Masterpiece and “masterpieces”

Many men write books, but few leave a legacy, a school of life and thought. The RCR was the foundation of Dr. Plinio’s work; his children, the living stones of that building.

Sacred Scriptures tell us that there is a “book of life” (Phil 4:3; Rev 13:8; 17:8; 20:15; 21:27) that lists not only the blessed in Paradise, but also those already living in a state of beatitude in this vale of tears. In this sense, it can be attested that Plinio Corrêa de Oliveira’s life was, in practice, a constant preface to Heaven, while he continued to fight without ceasing for the Church Militant with the weapons of God, to resist the insidious wiles of the devil (cf. Eph 6:11).

Born at the dawn of the 20th century, in the little São Paulo of yesteryear, the boy Plinio received an exemplary religious, academic and social education from an early age, thanks to the care of his zealous mother, Lucilia.

As an adolescent, he had to resolutely cross the swamp of sin that inundated his surroundings. These circumstances allowed him to discern the phenomenon that he would later call the Revolution, which, like a hydra, was progressively attacking the last remnants of Christian Civilization, at that time casting their final glimmers.

When he joined the Catholic movement, Dr. Plinio realized that this Leviathan was daring to breathe dense darkness into the very heart of the Catholic Church, and he wondered how he could somehow intercept its advance.

Accordingly, he came to a conclusion: “If I do not fight the Revolution, I will not have lived.” In other words, the book of his life had to be a true gest, or it simply would not be. His full identification with this ideal – the Counter-Revolution – has meant that his name has become, in a paradigmatic and irrefutable way, a standard for those who follow this path, even almost three decades after his departure for eternity.

In 1943 his first book, In Defence of Catholic Action, was published. Prefaced by the Apostolic Nuncio to Brazil, Archbishop Benedetto Aloisi Masella, and the subject of a letter of praise on behalf of Pius XII, sent by His Holiness’ Secretariat of State and signed by Monsignor Giovanni Battista Montini, the future Paul VI, the work denounced the germs of egalitarianism and secularization that had been stealthily introduced into the ecclesial sphere. Time proved that Dr. Plinio’s prognoses were correct.
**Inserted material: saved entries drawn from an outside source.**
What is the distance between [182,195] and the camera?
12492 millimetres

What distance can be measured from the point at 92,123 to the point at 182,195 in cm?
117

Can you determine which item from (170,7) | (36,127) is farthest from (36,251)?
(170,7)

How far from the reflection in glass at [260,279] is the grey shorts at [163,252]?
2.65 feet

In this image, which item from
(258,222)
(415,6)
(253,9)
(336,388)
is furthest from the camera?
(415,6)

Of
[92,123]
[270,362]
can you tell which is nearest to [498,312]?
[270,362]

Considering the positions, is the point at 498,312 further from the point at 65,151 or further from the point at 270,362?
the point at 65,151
Although silenced and curtailed on all sides, he remained steadfast in his counter-revolutionary crusade, which culminated in the publication in 1959 of his masterpiece, Revolution and Counter-Revolution. Stifled in every way at the time – both due to the incomprehension of Dr. Plinio’s disciples as well as the sabotage of his external enemies – the book would stand the test of time and would soon become a point of reference for numerous Catholic associations and intellectuals around the world.
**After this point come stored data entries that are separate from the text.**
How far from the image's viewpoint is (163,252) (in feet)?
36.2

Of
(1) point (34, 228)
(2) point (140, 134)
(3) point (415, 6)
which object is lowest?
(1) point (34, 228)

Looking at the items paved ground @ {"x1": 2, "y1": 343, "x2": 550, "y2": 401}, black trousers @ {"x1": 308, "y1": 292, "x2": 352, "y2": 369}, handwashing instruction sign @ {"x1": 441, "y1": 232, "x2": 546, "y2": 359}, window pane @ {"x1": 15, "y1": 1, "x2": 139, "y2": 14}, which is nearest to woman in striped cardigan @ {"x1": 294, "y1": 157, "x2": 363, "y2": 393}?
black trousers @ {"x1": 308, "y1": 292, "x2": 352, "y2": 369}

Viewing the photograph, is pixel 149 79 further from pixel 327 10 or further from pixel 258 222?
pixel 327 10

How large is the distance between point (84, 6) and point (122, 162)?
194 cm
What is more, the sixty-five years that have passed since then would prove him right – so much so that this anniversary deserves attention not only because of the chronological milestone, but also because of the current stage of the Revolution, outlined with prophetic clarity in the essay, both in its original wording and in the supplements added in 1976 and 1992.

For the author, the Revolution is “a movement that aims to abolish a legitimate power or order and to replace it with an illegitimate power or state of things.”1 Dr. Plinio describes the crisis of contemporary man from a theoretical and historical perspective because, in his view, it has the following characteristics: it is universal, one, total, dominant and processive.2

To paraphrase, this movement is found throughout the world in a unitary and hegemonic manner, seeking to undertake a conscious and gradual domination over individuals and groups.

The roots of this process go back to the first of all the revolutions, that of Lucifer, the “proto-revolutionary”, the effects of which obliterated the most perfect of hierarchies, that is, the angelic. Against him rose St. Michael the Archangel, “the first to raise the cry of counter-revolutionary indignation” in the face of the “first revolution, the matrix revolution, the model and focus of those that followed,” according to Plinian expressions.

The sin of Adam and Eve, Cain, Ahab and the Baalites, as well as the insidiousness of Herod, Annas, Caiaphas and Judas Iscariot against the God-Man followed in these revolutionary footsteps. Another line could be headed by Nero, Julian the Apostate, Arius and the many other heresiarchs, right up to the present day…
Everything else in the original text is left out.